The issue, inevitably, has risen again with his passing. After his death on Thursday Mr Mandela’s successor in the presidency, Thabo Mbeki, sought to provide assurances in an interview that Mr Mandela’s pursuit of the political option of racial reconciliation would remain intact in his death. Mbeki appeared hopeful rather than optimistic.

There was another sense in which Mr Mandela was unique. His sheer stature, his moral probity recruited some of those who might have felt most threatened by an end to apartheid to that very cause. Recall that it was a 1992 ‘whites only’ referendum favouring an end to apartheid that finally persuaded the government there that the game was up.

The dream of an end to apartheid without terrible bloodshed could easily have been sabotaged by the violent clashes between the African National Congress and the Inkatha Freedom Party that followed Mandela’s release from prison. That may well have been a ruse to undermine his quest for reconciliation. He held both his nerve and his poise and South Africans kept faith with him.

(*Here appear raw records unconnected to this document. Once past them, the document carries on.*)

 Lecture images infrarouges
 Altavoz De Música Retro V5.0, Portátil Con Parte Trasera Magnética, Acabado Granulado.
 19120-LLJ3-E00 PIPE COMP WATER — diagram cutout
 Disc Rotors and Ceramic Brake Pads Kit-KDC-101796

The point about all this is that Mandela is gone and so too, perhaps, are his moral stature, his political skill and the symbol that he remained for the people of South Africa. Without Mandela there would probably have been no one anywhere near influential enough to put a brake on the thirst for the recrimination that would have been disastrous for South Africa, for the continent and for the international community as a whole.

His presidency was a triumph of the reason and rationality embedded in the reconciliation that he sought. Some, perhaps many black South Africans would have felt entitled to some kind of reprisal. It was Mandela’s moral suasion, largely, that held them in check.

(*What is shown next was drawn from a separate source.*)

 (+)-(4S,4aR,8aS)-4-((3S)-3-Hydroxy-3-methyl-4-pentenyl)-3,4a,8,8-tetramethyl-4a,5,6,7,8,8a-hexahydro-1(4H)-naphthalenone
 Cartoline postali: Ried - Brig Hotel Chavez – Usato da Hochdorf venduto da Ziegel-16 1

No less significant was his handover of power after a single term in office. He did not need the presidency, after all, both his authority and his legacy having long been assured.

Healing all of the ills of South Africa was beyond Mandela. The problems that apartheid had left behind – social and economic inequality, a system that dehumanized blacks, high unemployment (reportedly in the region of about 20 per cent) and high levels of crime – can only be solved by material investment in removing those ills. Correcting the ills of South Africa requires time and Mandela’s time has come and gone. It is whether his legacy will hold good in an uneasy South Africa that is the salient issue.

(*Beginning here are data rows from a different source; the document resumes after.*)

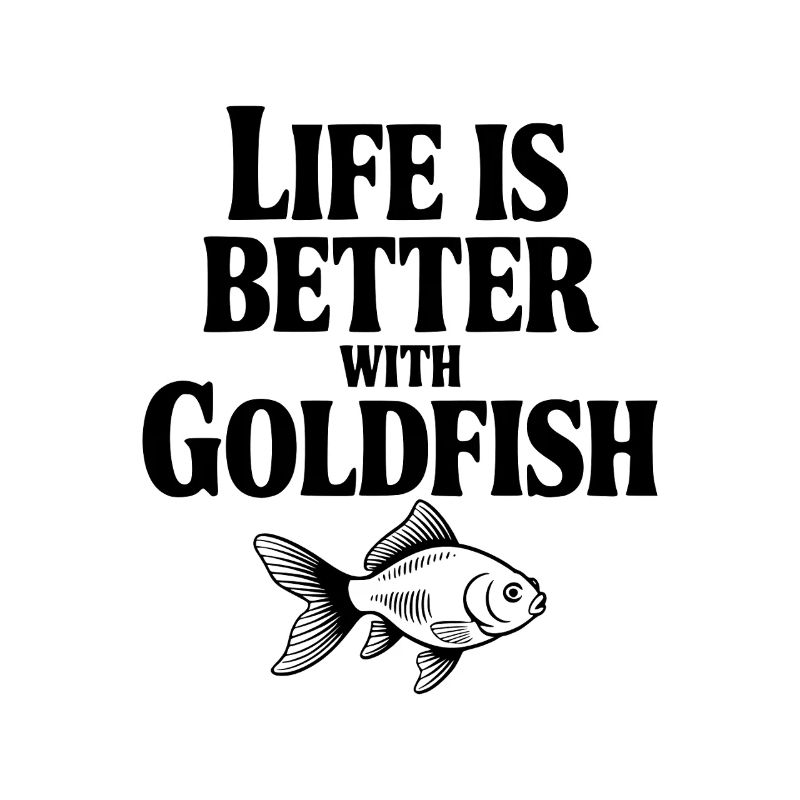 Life is Better with Goldfish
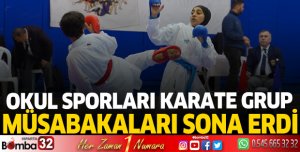 Okul sporları karate grup müsabakaları sona erdi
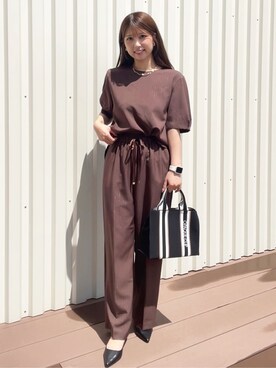 𝘙𝘢𝘮𝘶さん（レディース・158cm）の夏コーディネート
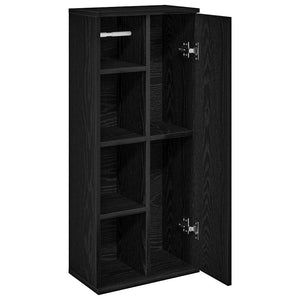 Ντουλάπι μπάνιου με θήκη για ρολά Μαύρο 39x22x90 cm - Pakobazaar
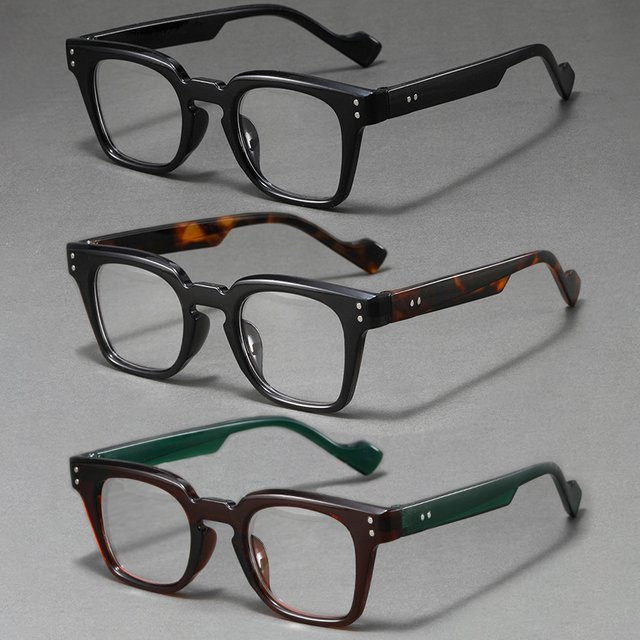 Hindfield Lesebrille, quadratisch, Vollrand, Kunststoff, Unisex, mehrfarbig - Bild 1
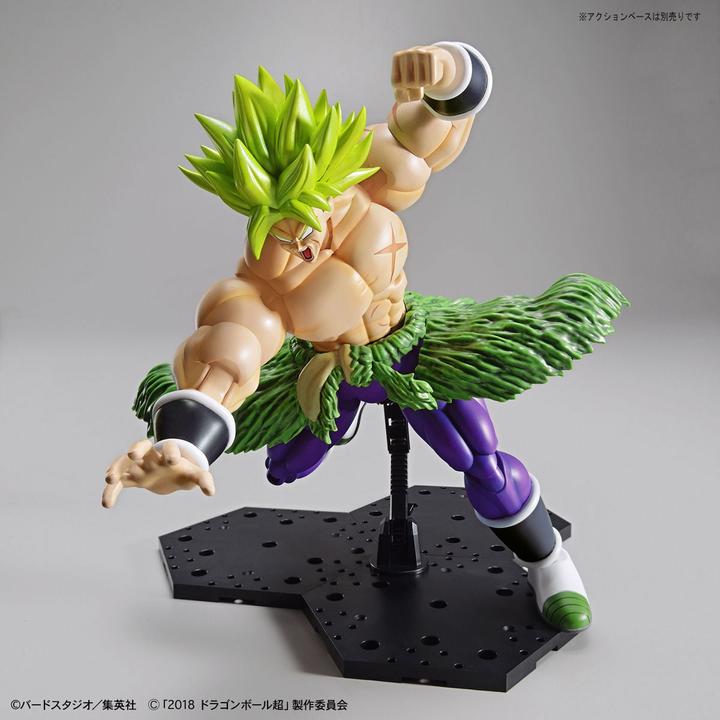 Actual product image Banpresto Model Kit Dragon Ball Funkoe Rise Super Saiyan Broly Fullpow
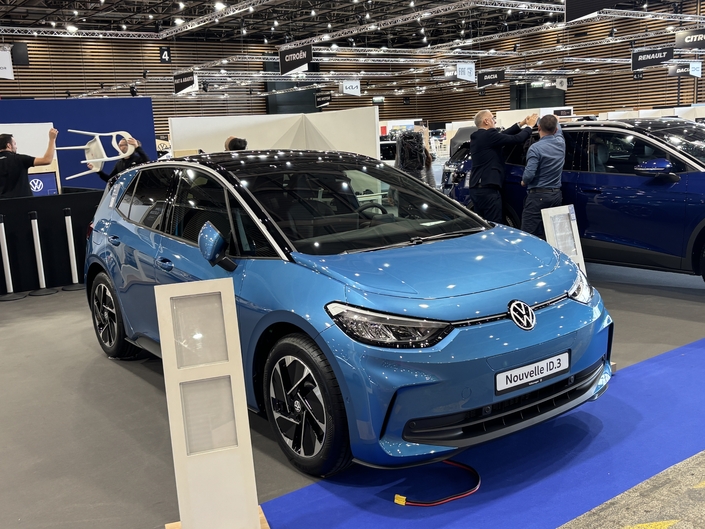 ID.3, ID.4 et ID.7 sont présentes et Volkswagen va vraisemblablement pratiquer de grosses remises.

That brings us to the issue of the African National Congress (ANC). Its image has been rendered threadbare by its delinquencies, not least the quagmire of corruption-related scandals in which it has become stuck. Both of Mr Mandela’s successors have had weak report cards in important areas of governance. The alleged transgressions of the serving President, Jacob Zuma – particularly his penchant for profligate spending of public funds on his private acquisitions ‒ served to drag the South African government and more specifically the ANC into further ridicule even as Mr Mandela lay dying. Perhaps the biggest challenge to Mandela’s legacy is the ANC which he loved. In the immediate term, at least, it has no serious political challenger, in which circumstance it may well have become reckless, even arrogant. More than that, the ANC is believed to be caught up in a bitter power struggle that has led to internal splintering. More worrying, perhaps has been the fact that both the government’s economic and human rights records have slipped badly over the past year.

Whether ‒ in circumstances where it is confronted with a serious political challenge – the ANC will continue to embrace democracy, or whether it might make strong-handed moves to protect its power is, of course, another matter.

Post-Mandela South Africa’s headaches do not end there. Whether the assurances of ethnic reconciliation embraced by Mr Mandela will remain set in stone beyond his death is not a matter that should be dismissed lightly. Continued economic inequality between blacks and whites may well witness the kinds of ethnic tensions and more that have occurred in Zimbabwe.

It is – even in his condition of protracted illness – what Nelson Mandela symbolized that makes his passing a challenge for South Africa.